§ **Instructions for the task**
Return exactly the span of lines in the following data that opens with the line containing "هر مسجد یک پایگاه قرآنی؛ مسجد امام خمینی(ره)" and closes with the line containing "여자를 위해 선물일 아름다운 성과 키스". Include nothing else.

§ **Provided data**
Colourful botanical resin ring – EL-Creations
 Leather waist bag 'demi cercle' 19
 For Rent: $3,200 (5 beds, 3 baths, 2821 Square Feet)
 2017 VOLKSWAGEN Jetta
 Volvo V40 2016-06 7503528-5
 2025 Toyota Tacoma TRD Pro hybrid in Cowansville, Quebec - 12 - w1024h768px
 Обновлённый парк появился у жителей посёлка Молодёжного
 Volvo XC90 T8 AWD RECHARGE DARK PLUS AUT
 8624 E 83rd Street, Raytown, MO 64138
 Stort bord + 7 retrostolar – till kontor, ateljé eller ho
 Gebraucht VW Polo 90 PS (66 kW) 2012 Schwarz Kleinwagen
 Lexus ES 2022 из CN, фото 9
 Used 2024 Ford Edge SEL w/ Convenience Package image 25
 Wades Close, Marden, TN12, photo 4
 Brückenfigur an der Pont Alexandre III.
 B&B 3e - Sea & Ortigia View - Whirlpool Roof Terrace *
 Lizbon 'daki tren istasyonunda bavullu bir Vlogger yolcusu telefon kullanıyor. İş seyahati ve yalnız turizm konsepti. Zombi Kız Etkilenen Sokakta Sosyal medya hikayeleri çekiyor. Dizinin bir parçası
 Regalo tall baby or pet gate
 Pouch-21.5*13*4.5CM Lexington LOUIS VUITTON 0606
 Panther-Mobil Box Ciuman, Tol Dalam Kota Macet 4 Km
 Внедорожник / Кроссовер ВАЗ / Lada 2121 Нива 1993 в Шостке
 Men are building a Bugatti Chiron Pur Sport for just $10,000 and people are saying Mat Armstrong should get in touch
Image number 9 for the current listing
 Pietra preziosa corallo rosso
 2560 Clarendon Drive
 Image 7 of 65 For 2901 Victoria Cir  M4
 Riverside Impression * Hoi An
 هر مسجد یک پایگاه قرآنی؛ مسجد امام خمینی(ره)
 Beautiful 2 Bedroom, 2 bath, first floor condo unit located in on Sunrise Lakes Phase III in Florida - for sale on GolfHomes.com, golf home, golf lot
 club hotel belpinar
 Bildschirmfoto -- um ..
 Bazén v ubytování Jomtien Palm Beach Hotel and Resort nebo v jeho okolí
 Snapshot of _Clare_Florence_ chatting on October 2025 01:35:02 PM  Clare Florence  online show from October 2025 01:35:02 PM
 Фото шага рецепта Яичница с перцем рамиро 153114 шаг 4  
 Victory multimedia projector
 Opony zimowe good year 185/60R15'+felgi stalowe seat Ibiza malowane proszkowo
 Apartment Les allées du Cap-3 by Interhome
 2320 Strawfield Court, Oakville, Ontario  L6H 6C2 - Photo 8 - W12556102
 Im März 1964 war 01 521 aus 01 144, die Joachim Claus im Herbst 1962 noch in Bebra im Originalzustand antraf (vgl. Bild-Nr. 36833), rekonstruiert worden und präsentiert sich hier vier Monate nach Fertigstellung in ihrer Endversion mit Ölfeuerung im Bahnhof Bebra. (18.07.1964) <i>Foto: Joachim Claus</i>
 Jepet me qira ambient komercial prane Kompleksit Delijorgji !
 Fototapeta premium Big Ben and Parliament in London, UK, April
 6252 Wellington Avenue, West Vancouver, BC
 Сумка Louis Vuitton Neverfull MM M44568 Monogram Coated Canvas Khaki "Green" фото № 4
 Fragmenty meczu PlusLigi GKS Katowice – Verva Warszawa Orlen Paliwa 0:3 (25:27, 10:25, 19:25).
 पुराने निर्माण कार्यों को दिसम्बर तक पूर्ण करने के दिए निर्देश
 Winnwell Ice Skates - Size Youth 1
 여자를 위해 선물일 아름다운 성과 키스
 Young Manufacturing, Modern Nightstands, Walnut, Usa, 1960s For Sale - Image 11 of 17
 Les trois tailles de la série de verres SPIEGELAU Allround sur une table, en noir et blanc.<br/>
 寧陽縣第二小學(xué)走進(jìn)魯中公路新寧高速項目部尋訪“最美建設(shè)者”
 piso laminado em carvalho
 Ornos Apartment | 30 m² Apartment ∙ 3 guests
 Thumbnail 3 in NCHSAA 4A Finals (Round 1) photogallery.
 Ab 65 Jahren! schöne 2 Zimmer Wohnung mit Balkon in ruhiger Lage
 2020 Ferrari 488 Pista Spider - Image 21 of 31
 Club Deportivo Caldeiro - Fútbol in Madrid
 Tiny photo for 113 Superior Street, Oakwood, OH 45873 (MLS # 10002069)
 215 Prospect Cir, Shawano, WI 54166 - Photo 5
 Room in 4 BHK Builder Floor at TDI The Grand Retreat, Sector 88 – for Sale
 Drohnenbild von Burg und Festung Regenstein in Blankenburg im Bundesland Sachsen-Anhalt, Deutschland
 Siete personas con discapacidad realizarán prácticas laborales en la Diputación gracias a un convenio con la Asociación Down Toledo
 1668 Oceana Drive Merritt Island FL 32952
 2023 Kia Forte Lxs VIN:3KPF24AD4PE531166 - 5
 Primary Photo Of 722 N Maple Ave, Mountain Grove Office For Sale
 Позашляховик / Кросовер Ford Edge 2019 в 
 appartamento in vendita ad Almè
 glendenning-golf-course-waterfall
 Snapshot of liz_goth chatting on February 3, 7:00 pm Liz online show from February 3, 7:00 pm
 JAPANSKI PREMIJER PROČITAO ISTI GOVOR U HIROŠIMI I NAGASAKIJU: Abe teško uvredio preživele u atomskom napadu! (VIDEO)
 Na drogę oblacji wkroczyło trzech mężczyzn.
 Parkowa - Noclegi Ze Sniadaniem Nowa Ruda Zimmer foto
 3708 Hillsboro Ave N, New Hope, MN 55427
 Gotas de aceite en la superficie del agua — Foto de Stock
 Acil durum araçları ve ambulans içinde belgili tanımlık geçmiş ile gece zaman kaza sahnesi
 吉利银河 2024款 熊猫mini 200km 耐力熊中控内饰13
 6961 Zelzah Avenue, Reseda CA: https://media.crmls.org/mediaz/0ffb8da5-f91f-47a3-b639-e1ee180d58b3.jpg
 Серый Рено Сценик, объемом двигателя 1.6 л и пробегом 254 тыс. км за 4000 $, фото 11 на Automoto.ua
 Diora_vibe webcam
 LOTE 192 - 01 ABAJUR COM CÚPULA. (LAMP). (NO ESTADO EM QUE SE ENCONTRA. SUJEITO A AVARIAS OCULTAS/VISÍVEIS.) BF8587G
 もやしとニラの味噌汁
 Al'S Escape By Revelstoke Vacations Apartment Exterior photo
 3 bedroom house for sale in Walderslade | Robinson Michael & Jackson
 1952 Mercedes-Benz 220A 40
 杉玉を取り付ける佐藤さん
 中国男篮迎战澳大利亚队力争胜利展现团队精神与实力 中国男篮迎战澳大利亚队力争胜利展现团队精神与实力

§ **Solution to this task**
 هر مسجد یک پایگاه قرآنی؛ مسجد امام خمینی(ره)
 Beautiful 2 Bedroom, 2 bath, first floor condo unit located in on Sunrise Lakes Phase III in Florida - for sale on GolfHomes.com, golf home, golf lot
 club hotel belpinar
 Bildschirmfoto -- um ..
 Bazén v ubytování Jomtien Palm Beach Hotel and Resort nebo v jeho okolí
 Snapshot of _Clare_Florence_ chatting on October 2025 01:35:02 PM  Clare Florence  online show from October 2025 01:35:02 PM
 Фото шага рецепта Яичница с перцем рамиро 153114 шаг 4  
 Victory multimedia projector
 Opony zimowe good year 185/60R15'+felgi stalowe seat Ibiza malowane proszkowo
 Apartment Les allées du Cap-3 by Interhome
 2320 Strawfield Court, Oakville, Ontario  L6H 6C2 - Photo 8 - W12556102
 Im März 1964 war 01 521 aus 01 144, die Joachim Claus im Herbst 1962 noch in Bebra im Originalzustand antraf (vgl. Bild-Nr. 36833), rekonstruiert worden und präsentiert sich hier vier Monate nach Fertigstellung in ihrer Endversion mit Ölfeuerung im Bahnhof Bebra. (18.07.1964) <i>Foto: Joachim Claus</i>
 Jepet me qira ambient komercial prane Kompleksit Delijorgji !
 Fototapeta premium Big Ben and Parliament in London, UK, April
 6252 Wellington Avenue, West Vancouver, BC
 Сумка Louis Vuitton Neverfull MM M44568 Monogram Coated Canvas Khaki "Green" фото № 4
 Fragmenty meczu PlusLigi GKS Katowice – Verva Warszawa Orlen Paliwa 0:3 (25:27, 10:25, 19:25).
 पुराने निर्माण कार्यों को दिसम्बर तक पूर्ण करने के दिए निर्देश
 Winnwell Ice Skates - Size Youth 1
 여자를 위해 선물일 아름다운 성과 키스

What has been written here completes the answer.